As a formula feeding mom, it’s easy to feel judged and isolated in your choices, but a groundbreaking policy update by the largest organization of women’s health professionals in the U.S. shows a promising and necessary shift in the way formula moms are treated. The American College of Obstetricians and Gynecologists (ACOG) released an updated committee opinion this week that encourages doctors to respect a woman’s decision not to breastfeed.
Traditionally, the ACOG has encouraged all women to breastfeed exclusively for at least six months. They’re keeping that recommendation, but they’ve injected some nuance into their stance and are making strides to encourage doctors to do the same. Per their official statement:
“Obstetrician-gynecologists and other obstetric care providers should support each woman’s informed decision about whether to initiate or continue breastfeeding, recognizing that she is uniquely qualified to decide whether exclusive breastfeeding, mixed feeding or formula feeding is optimal for her and her infant.”
Pretty awesome, right? They also said:
The obstetrician-gynecologist is obligated to ensure patient comprehension of the relevant information and to be certain that the conversation is free from coercion, pressure or undue influence.”
In other words, respect that moms know what they’re doing, and don’t bully or shame them for wanting to use formula. Now there’s some good advice.
The movement to normalize breastfeeding has made many important strides. Per the CDC’s 2014 breastfeeding report card, 79 percent of babies born in the U.S. are breastfed for at least some portion of their infancy, and just under 50 percent are breastfed for the recommended six months. Unfortunately, the unintended consequence of constantly shouting “breast is best” at moms has been that far too many women either feel extreme pressure to breastfeed or like they’re somehow failing as mothers if they choose to use formula.
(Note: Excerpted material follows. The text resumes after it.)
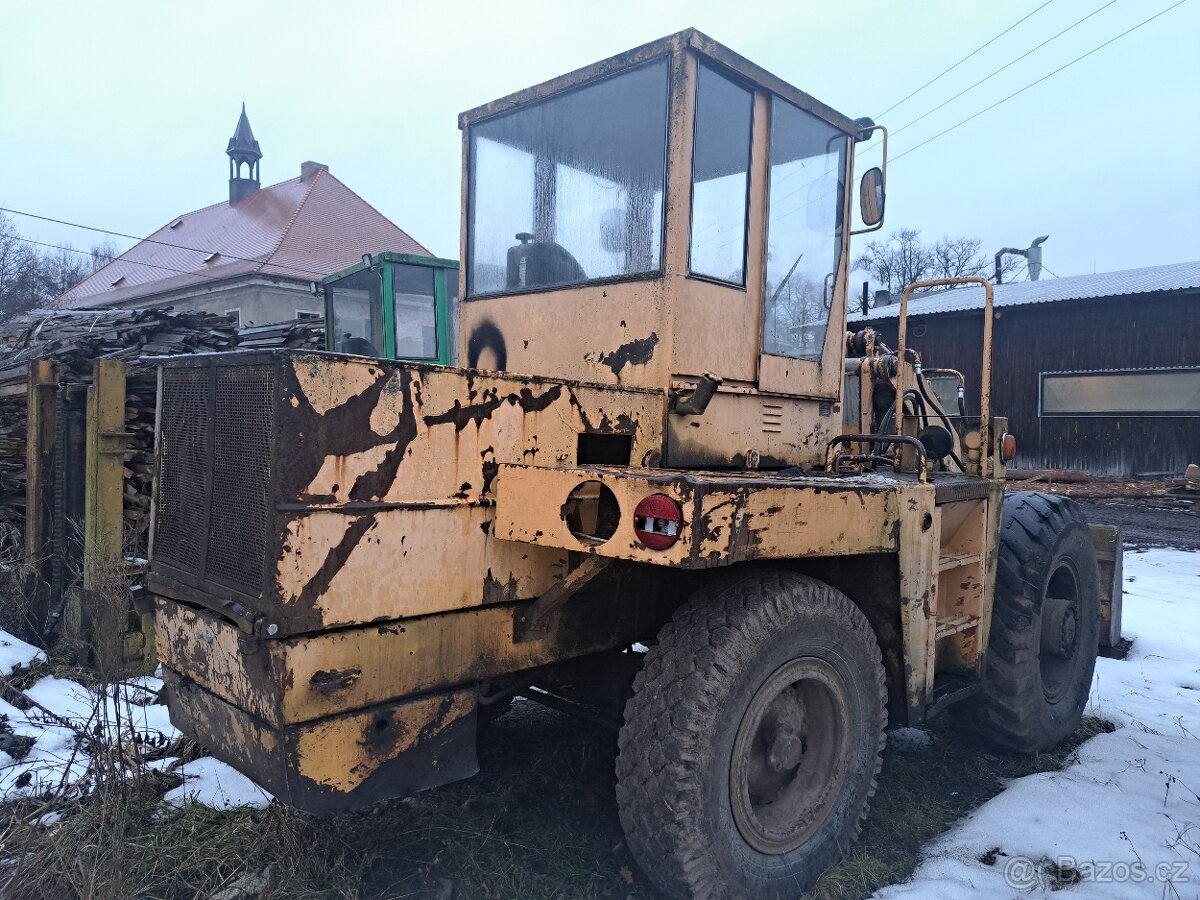 Prodám 2x UN 053 4x4 i bez - 3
The ACOG’s updated stance appears to be an effort to address those issues and put the power of choice back in moms’ hands. In a statement to Canada’s Globe and Mail, the lead ACOG opinion author, Alison Stuebe, MD, said making sure all women are supported in their choices is far more important than policing which option they choose. “We need to be advocates for the patient, not the cause, ” she said. “Our obligation is to make sure she [the mom] has the information to make an informed decision.”
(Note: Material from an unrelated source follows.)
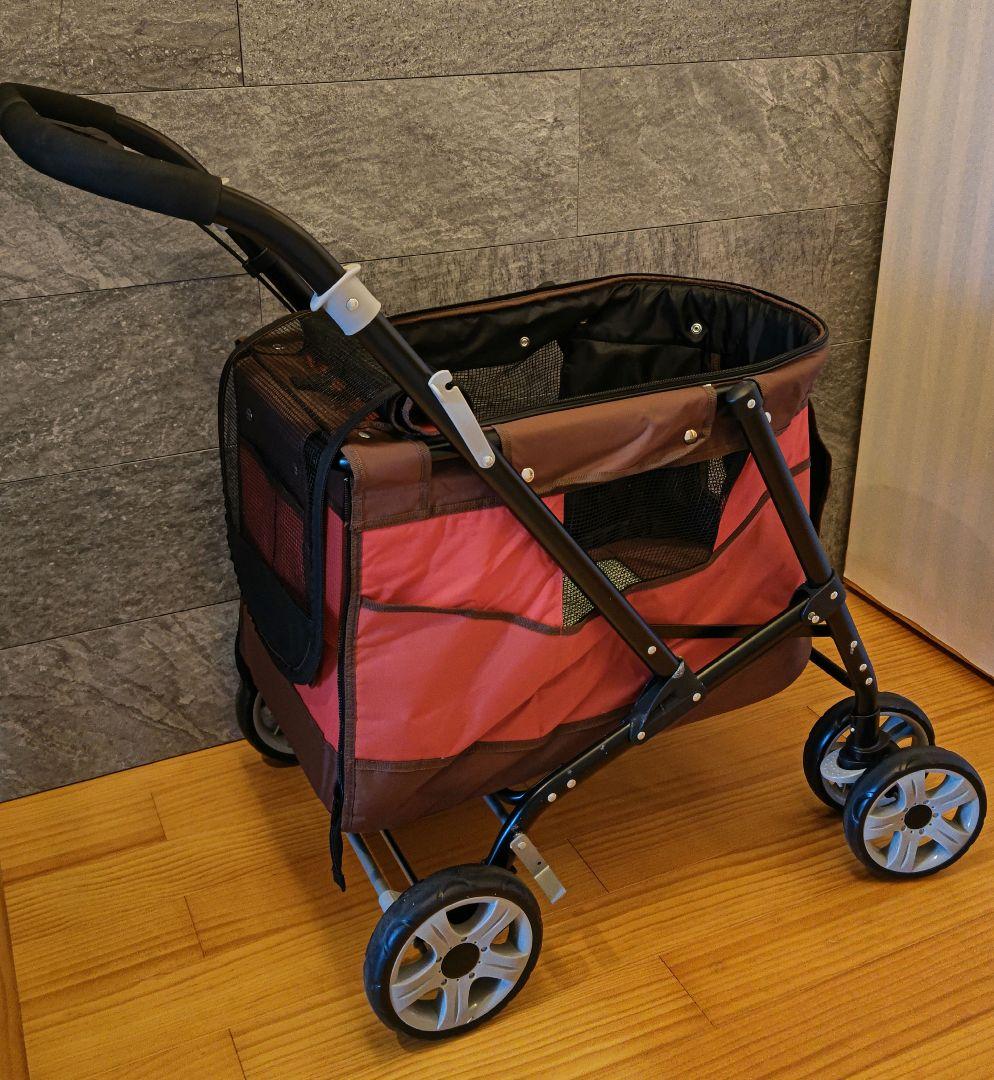 ペットカート バギー 中型犬対応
Formula feeding is a valid option for moms, and no one should feel guilt or shame for the way they choose to nourish their baby. The important thing is not whether a mom chooses to breastfeed, bottle feed, pump, or use formula. What matters is that each mom is supported in her choices and has the agency to decide what’s right for her physically and emotionally. A fed baby is a happy baby, and we should be advocating for policies that help all moms feed their babies how they see fit.
We’re all sick of arguing about breast versus bottle, and we’d all love a little more support from our healthcare providers. It’s encouraging to see such a prominent health organization take this very important step in the right direction.